**Activity**
Reproduce, exactly and in full, only the lines below from the one containing "迪玛利亚关键时刻助攻与进球回顾 解析其在大赛中的决定性作用 迪玛利亚关键时刻助攻与进球回顾" through the one containing "Tokenim中的USDT转账到账时间解析".

::: Data records :::

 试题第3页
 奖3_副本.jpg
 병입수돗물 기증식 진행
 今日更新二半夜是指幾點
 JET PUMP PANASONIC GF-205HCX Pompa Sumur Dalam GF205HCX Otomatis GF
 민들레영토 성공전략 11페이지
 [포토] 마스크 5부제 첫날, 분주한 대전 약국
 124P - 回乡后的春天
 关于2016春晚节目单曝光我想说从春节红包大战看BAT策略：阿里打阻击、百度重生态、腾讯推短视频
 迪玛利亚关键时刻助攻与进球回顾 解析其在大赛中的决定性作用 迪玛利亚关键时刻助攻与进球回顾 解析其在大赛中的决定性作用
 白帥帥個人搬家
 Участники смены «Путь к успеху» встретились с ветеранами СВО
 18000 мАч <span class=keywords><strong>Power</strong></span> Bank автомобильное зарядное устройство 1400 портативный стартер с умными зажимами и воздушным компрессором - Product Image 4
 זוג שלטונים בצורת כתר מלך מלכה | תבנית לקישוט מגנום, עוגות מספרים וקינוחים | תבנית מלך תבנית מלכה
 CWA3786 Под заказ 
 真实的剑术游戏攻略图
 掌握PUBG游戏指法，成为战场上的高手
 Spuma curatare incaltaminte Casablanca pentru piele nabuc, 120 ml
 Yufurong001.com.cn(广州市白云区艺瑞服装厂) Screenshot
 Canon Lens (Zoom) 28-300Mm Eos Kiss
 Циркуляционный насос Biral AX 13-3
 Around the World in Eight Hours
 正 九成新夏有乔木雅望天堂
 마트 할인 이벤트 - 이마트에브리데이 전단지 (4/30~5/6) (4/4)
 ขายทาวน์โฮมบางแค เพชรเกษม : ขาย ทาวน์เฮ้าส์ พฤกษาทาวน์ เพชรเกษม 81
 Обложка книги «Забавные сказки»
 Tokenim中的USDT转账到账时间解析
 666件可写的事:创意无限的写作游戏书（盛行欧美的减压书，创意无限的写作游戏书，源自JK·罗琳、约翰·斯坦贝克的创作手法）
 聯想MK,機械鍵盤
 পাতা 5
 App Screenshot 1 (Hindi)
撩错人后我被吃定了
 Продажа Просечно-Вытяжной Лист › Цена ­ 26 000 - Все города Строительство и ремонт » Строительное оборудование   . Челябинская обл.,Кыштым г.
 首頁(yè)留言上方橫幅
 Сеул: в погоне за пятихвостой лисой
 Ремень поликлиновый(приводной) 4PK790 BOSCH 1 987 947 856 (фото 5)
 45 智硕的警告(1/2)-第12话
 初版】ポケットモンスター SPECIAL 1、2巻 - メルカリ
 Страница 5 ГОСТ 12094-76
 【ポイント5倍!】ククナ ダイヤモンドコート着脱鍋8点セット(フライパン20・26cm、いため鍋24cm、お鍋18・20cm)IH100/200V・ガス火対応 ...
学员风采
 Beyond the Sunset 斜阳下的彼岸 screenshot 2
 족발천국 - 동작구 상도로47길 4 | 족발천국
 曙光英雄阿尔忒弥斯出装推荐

:::

**Solved exercise**
 迪玛利亚关键时刻助攻与进球回顾 解析其在大赛中的决定性作用 迪玛利亚关键时刻助攻与进球回顾 解析其在大赛中的决定性作用
 白帥帥個人搬家
 Участники смены «Путь к успеху» встретились с ветеранами СВО
 18000 мАч <span class=keywords><strong>Power</strong></span> Bank автомобильное зарядное устройство 1400 портативный стартер с умными зажимами и воздушным компрессором - Product Image 4
 זוג שלטונים בצורת כתר מלך מלכה | תבנית לקישוט מגנום, עוגות מספרים וקינוחים | תבנית מלך תבנית מלכה
 CWA3786 Под заказ 
 真实的剑术游戏攻略图
 掌握PUBG游戏指法，成为战场上的高手
 Spuma curatare incaltaminte Casablanca pentru piele nabuc, 120 ml
 Yufurong001.com.cn(广州市白云区艺瑞服装厂) Screenshot
 Canon Lens (Zoom) 28-300Mm Eos Kiss
 Циркуляционный насос Biral AX 13-3
 Around the World in Eight Hours
 正 九成新夏有乔木雅望天堂
 마트 할인 이벤트 - 이마트에브리데이 전단지 (4/30~5/6) (4/4)
 ขายทาวน์โฮมบางแค เพชรเกษม : ขาย ทาวน์เฮ้าส์ พฤกษาทาวน์ เพชรเกษม 81
 Обложка книги «Забавные сказки»
 Tokenim中的USDT转账到账时间解析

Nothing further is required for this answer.